[Dataset]
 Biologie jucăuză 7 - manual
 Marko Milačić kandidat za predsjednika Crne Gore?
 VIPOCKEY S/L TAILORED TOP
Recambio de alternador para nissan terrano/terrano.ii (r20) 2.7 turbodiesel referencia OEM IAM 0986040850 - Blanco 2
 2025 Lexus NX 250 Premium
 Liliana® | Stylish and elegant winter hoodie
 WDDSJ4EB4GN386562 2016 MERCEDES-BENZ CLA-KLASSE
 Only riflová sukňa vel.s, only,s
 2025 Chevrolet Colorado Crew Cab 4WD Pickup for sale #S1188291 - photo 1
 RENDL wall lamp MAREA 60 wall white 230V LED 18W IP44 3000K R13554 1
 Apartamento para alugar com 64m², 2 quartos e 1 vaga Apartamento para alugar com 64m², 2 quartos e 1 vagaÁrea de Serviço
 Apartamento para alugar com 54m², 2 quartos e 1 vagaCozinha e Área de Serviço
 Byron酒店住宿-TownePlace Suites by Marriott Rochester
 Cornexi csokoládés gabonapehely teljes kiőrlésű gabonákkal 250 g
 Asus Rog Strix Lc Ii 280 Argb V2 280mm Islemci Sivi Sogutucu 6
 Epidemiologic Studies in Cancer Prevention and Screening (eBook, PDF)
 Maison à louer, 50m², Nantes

[What is needed] Work through the records line by line and tally those holding "alugar". Reply with the number alone.

[Written reply] 2